Agli "eurocrati" si rimborsa il Viagra


Dieci euro a pastiglia, per non più di sei pastiglie al mese. L'Unione europea rimborsa il Viagra ai propri funazionari di Bruxelles. Ed è polemica sul deficit della cassa-malattia dei Quindici.


BRUXELLES - L'assistenza sanitaria dell'amministrazione dei Quindici rimborsa ai funzionari europei perfino il Viagra. Ad accorgersene è stato il quotidiano francese Le Monde, che oggi ospita in prima pagina un corsivo sull'argomento.

Le compresse azzurre, utilizzate per favorire l'erezione, costano circa dieci euro l'una. Un prezzo decisamente alto, per il quale i funzionari europei possono rivolgersi direttamente al proprio istituto di assistenza.

Certo, il rimborso non avviene in maniera indiscriminata. Secondo i limiti approntati dagli esperti sanitari, agli "eurocrati" vengono rimborsate non più di sei pillole al mese.

Un dato che finisce per suonare anche come una sorta di "limite massimo" alle prestazioni amorose dei funzionari di Bruxelles. Di certo la vicenda sembra destinata a suscitare polemiche. Anche perché i funzionari europei vantano già stipendi decisamente alti. Uno dei responsabili di Bruxelles, intervistato dal quotidiano d'Oltralpe, giura che il provvedimento non viene attuato in maniera indiscriminata. "Le condizioni sono draconiane" chiarisce. E aggiunge: "Bisogna dimostrare che l'impotenza è la conseguenza diretta" di una malattia grave.
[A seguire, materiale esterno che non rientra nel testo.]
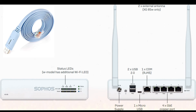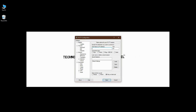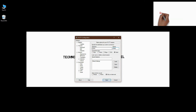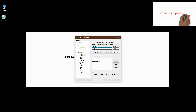To connect a console cable to a Sophos XG firewall, you have to change the serial line speed. I am using PuTTY software for the console connectivity. The default speed is 9600, and you have to change it to 38400 for Sophos console connectivity.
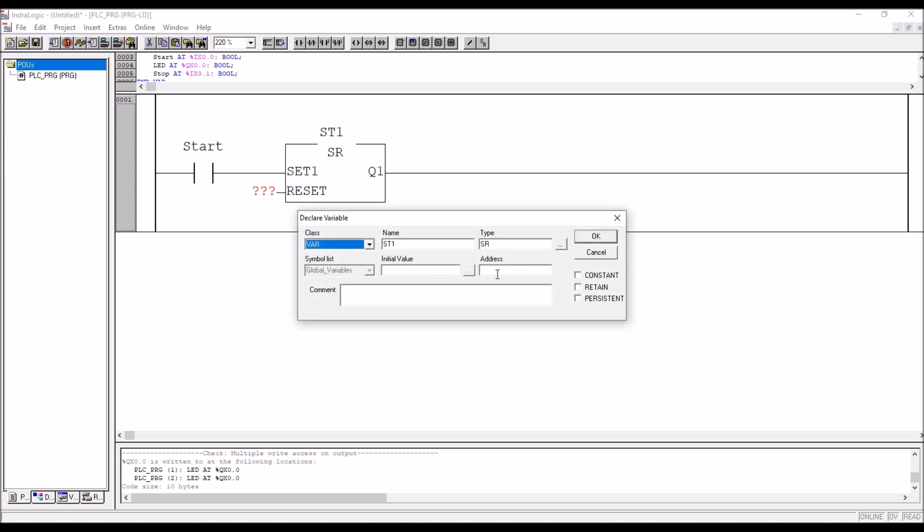Then don't type any address. We are declaring the function block. If I type address here, then definitely will get error. Click on okay. Just okay.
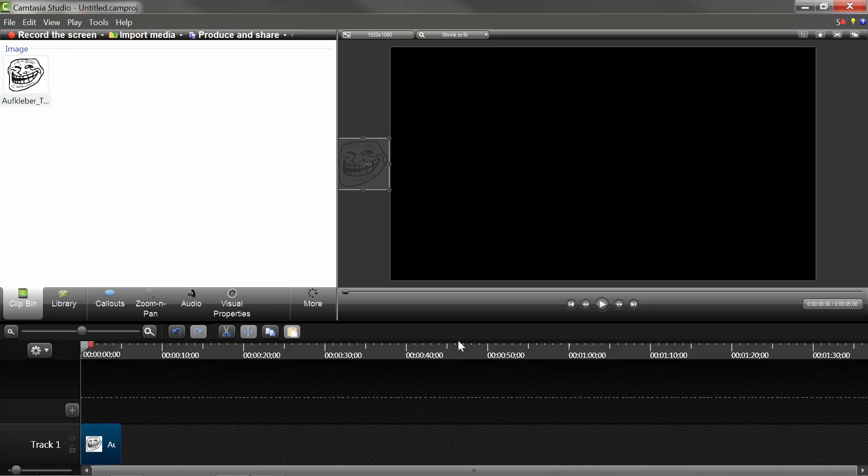How's it going guys and gals and friends and pals? It's the GrimHal here, and I'm bringing you a how-to video on how to animate an image in the Camtasia timeline.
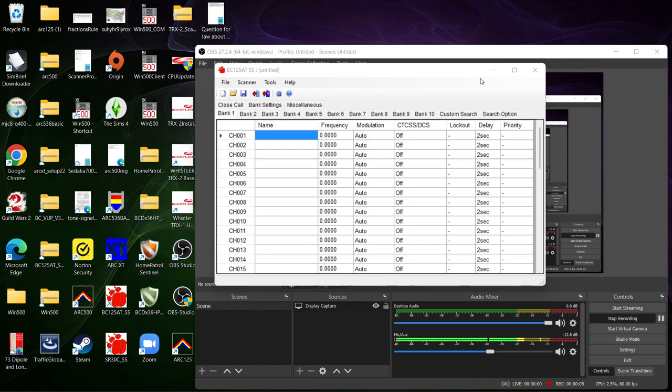Hello my scanner enthusiasts and frequency freaks. Today I'm going to show you two programs for the BC 125 AT for those of you that use it for aviation, the railroad. One of them is free but you've got to do a little digging to find it on the internet.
La cassa-malattia per i funzionari europei vanta attualmente ben 45 mila affiliati, e circa 95 mila beneficiari. I funzionari versano un terzo delle quote, mentre il resto è coperto dal budget comunitario. Nel 2001 il sistema ha mostrato i primi segni di deficit, con un uscita per le spese e i rimborsi superiore ai contributi incassati. Anche per questo motivo, la scelta di rimborsare perifno il Viagra, rischia di destare scalpore.

(9 AGOSTO 2002, ORE 9.04)


naturalmente gli itagliani sempre in prima fila.